### Directions for this task
Take the lines from the line containing "Main listing image - MG Mgs5" through the end of the entries and output them exactly, with no pictures and nothing more.

===

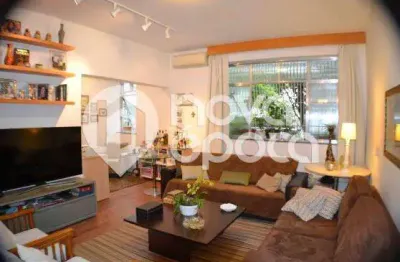 Apartamento com 3 quartos à venda na Rua João Líra, Leblon, Rio de Janeiro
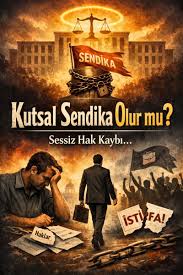 Kutsal Sendika Olur mu? Memurun Sessizce Kaybettiği Haklar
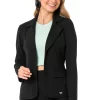 Cipo & Baxx Blazer In BLACK 16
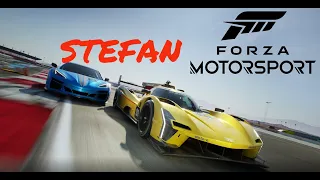 Forza Motorsport # Ścigać Się Czy Iść Na Golfa (Recenzja Stefana) - Gameplay PL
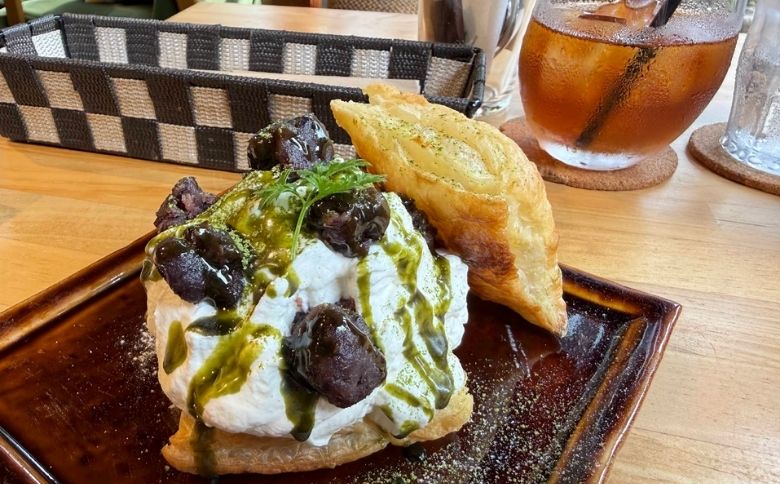 ゆっくりカフェ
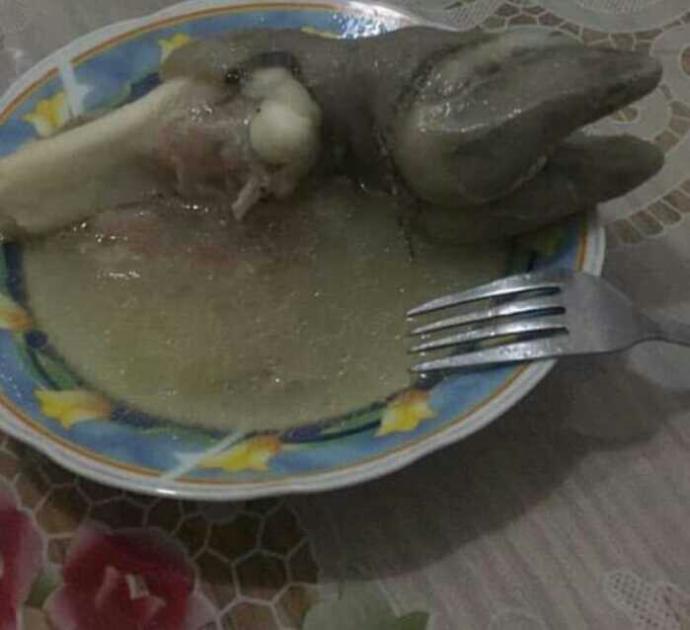 Kelle paça böylemi yapılıyodu?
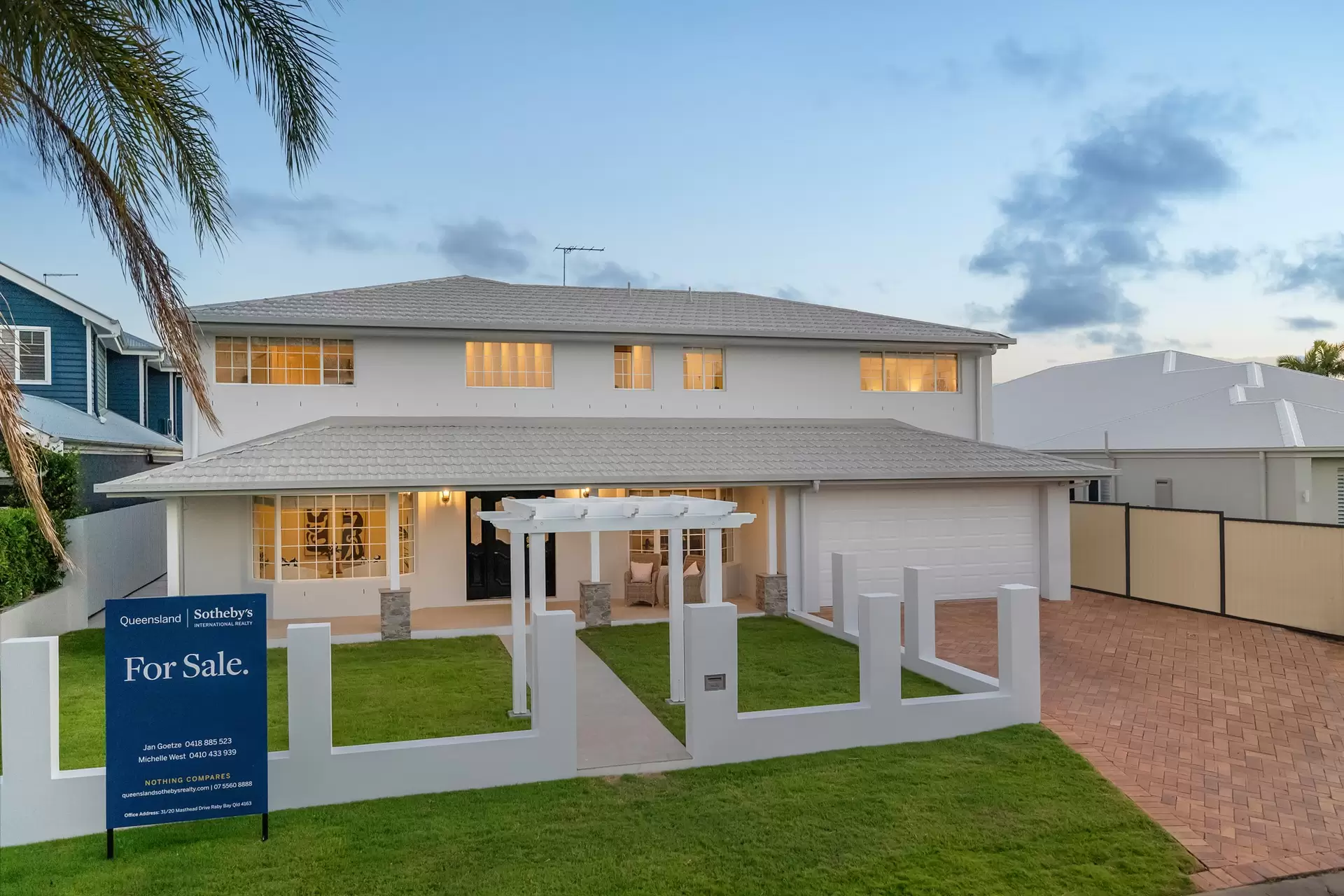 14 Captains Court, Raby Bay Sold by  - image 1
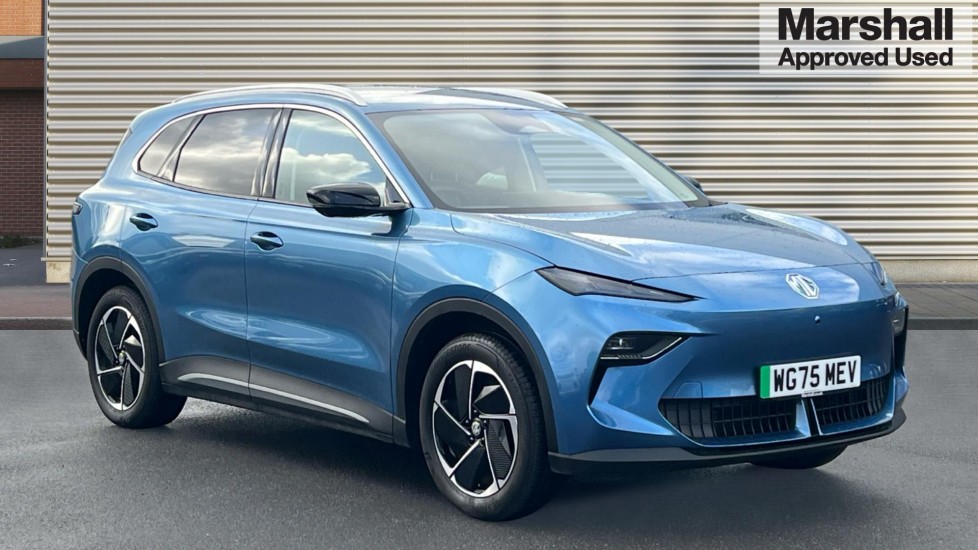 Main listing image - MG Mgs5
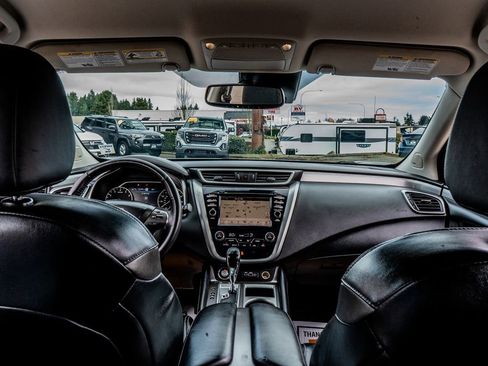 Used 2020 Nissan Murano SL image 36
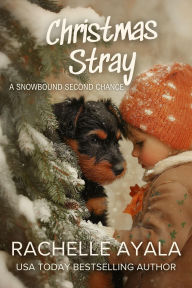 Title: Christmas Stray: A Snowbound Second Chance (Holiday Heartstrings, #3), Author: Rachelle Ayala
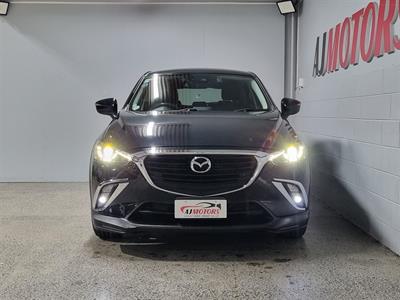 2017 Mazda CX-3 - Thumbnail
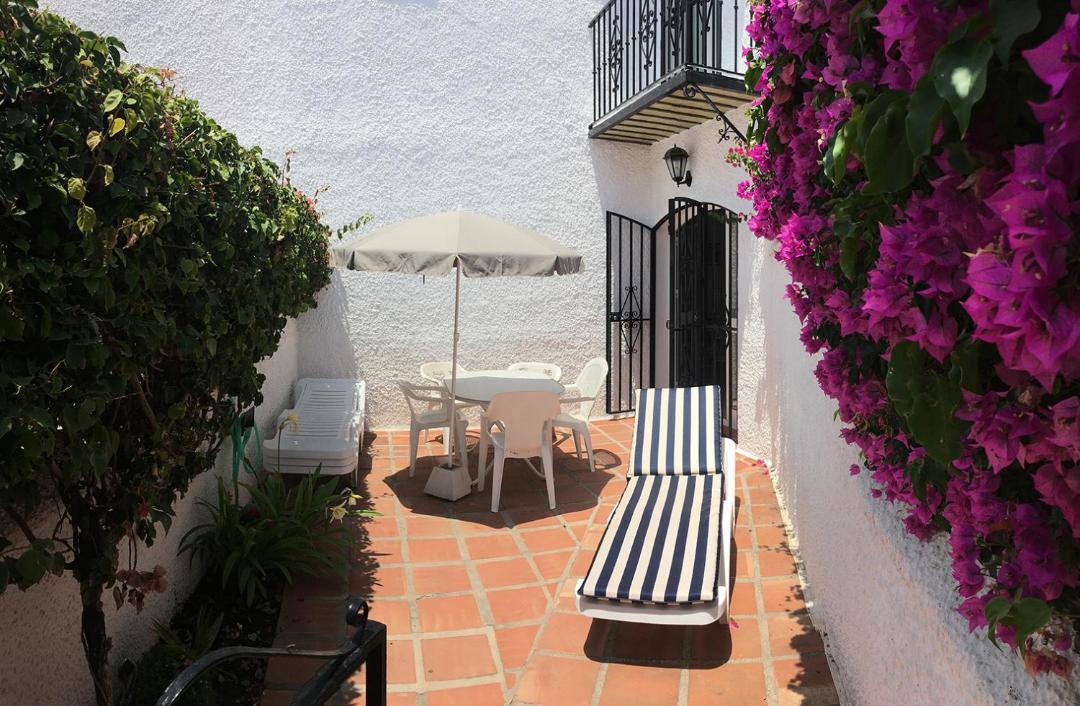 Photo of Patio Balcony in Nerja City Centre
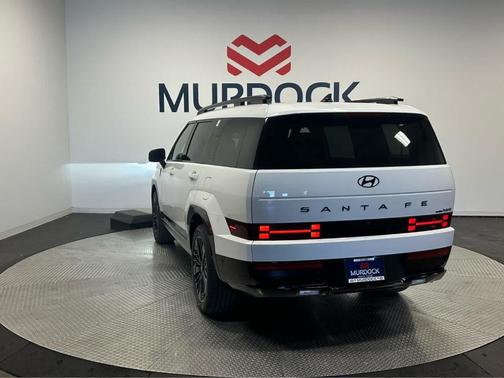 2026 Hyundai SANTA FE HEV Calligraphy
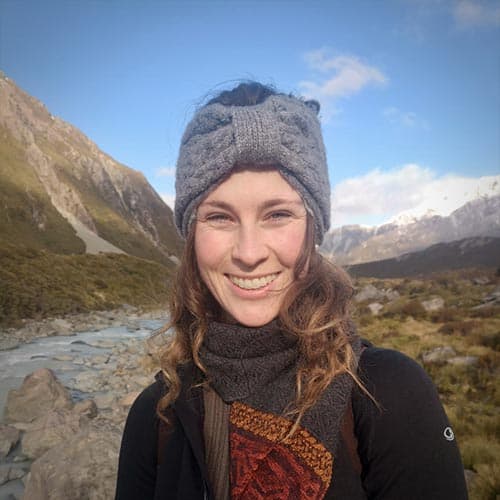 Aisling Rayne – Biological Heritage NZ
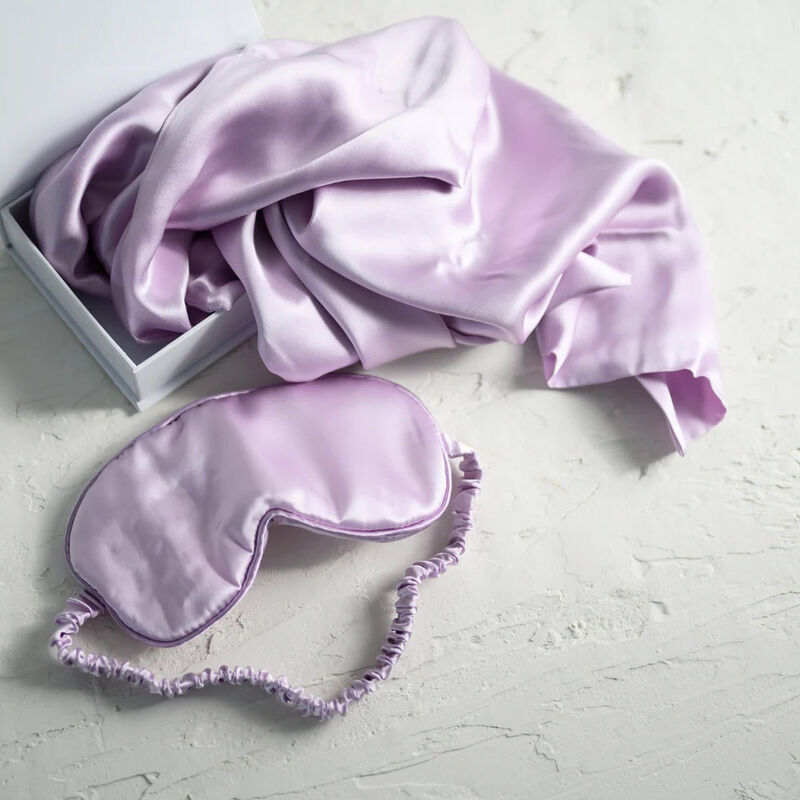 Home Lab 100% Pure Silk Gift Set image number 11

===

### Output of the exercise
 Main listing image - MG Mgs5
 Used 2020 Nissan Murano SL image 36
 Title: Christmas Stray: A Snowbound Second Chance (Holiday Heartstrings, #3), Author: Rachelle Ayala
 2017 Mazda CX-3 - Thumbnail
 Photo of Patio Balcony in Nerja City Centre
 2026 Hyundai SANTA FE HEV Calligraphy
 Aisling Rayne – Biological Heritage NZ
 Home Lab 100% Pure Silk Gift Set image number 11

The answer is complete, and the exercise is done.